→ **WHAT THIS TASK INVOLVES**:
Please return each of the entries exactly, minus their pictures.

→ **EXERCISE INPUTS**:
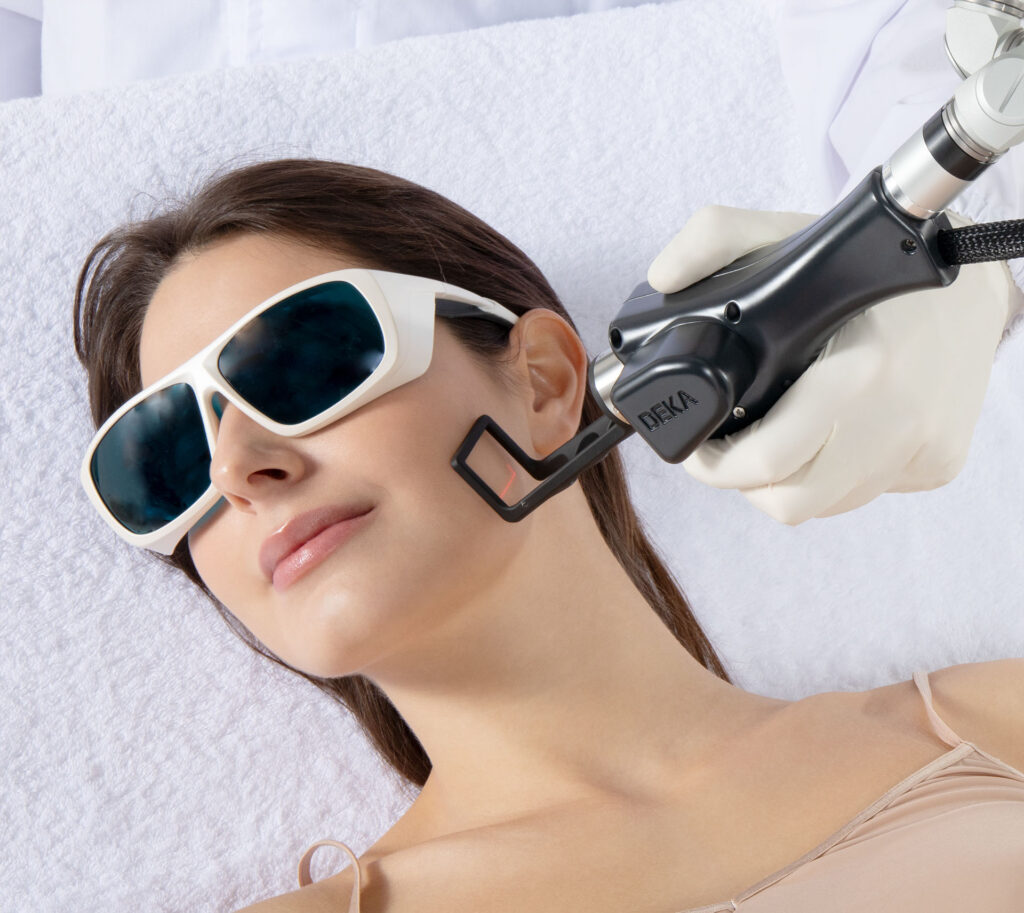 Tetra CO2 Laserbehandlung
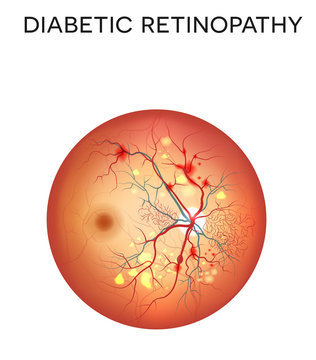 Diabetic retinopathy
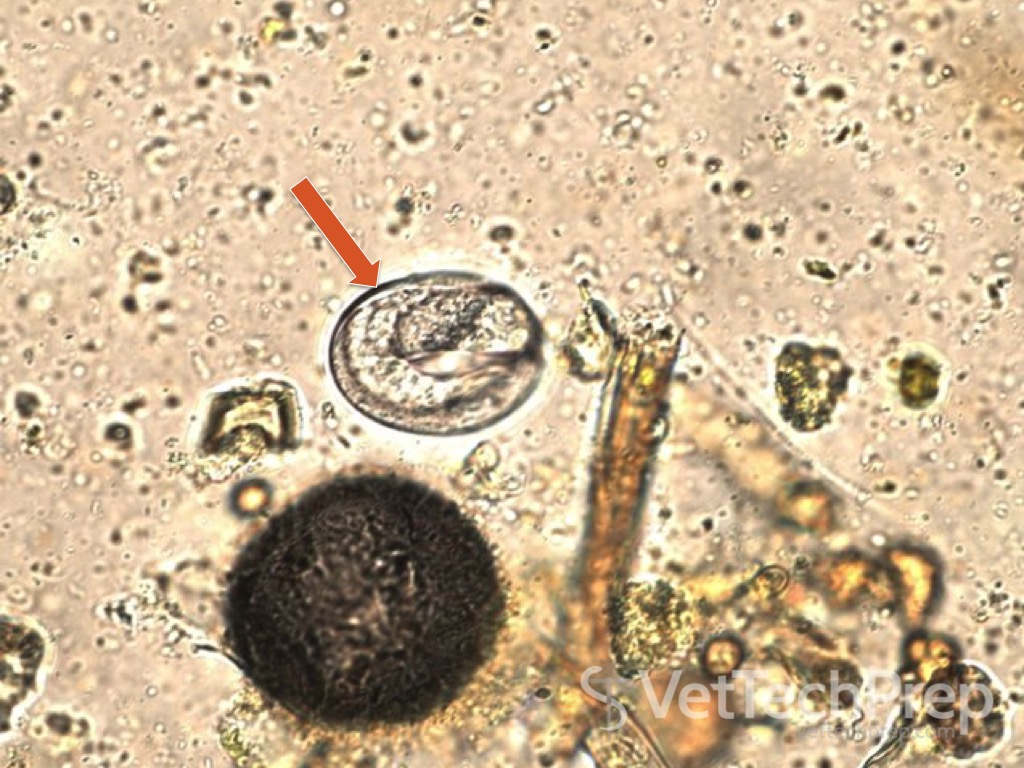 <p>what parasite is this?</p>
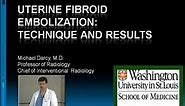 Uterine Fibroid Embolization: Technique and Results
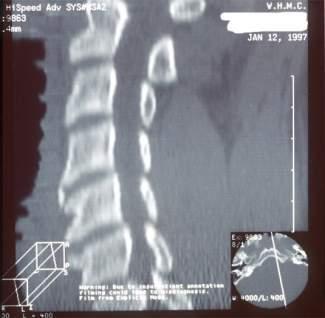 Obstruction C-spine CTs 10 Blood Loss All Le Fort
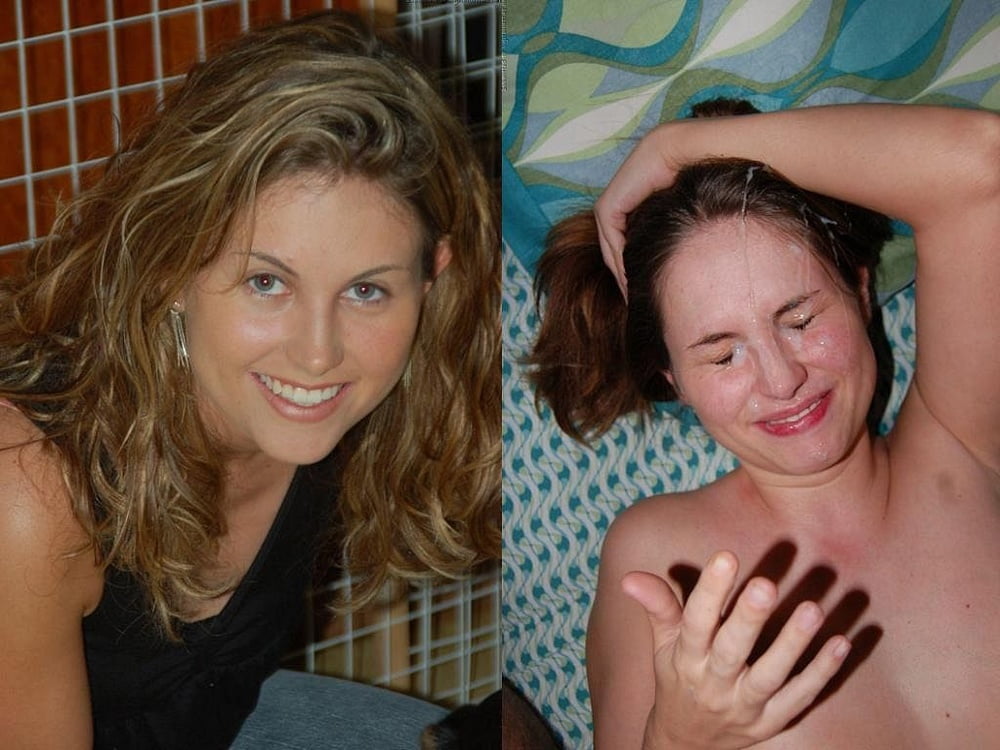 Before and After Gallery #92988628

→ **WRITTEN REPLY**:
 Tetra CO2 Laserbehandlung
 Diabetic retinopathy
 <p>what parasite is this?</p>
 Uterine Fibroid Embolization: Technique and Results
 Obstruction C-spine CTs 10 Blood Loss All Le Fort
 Before and After Gallery #92988628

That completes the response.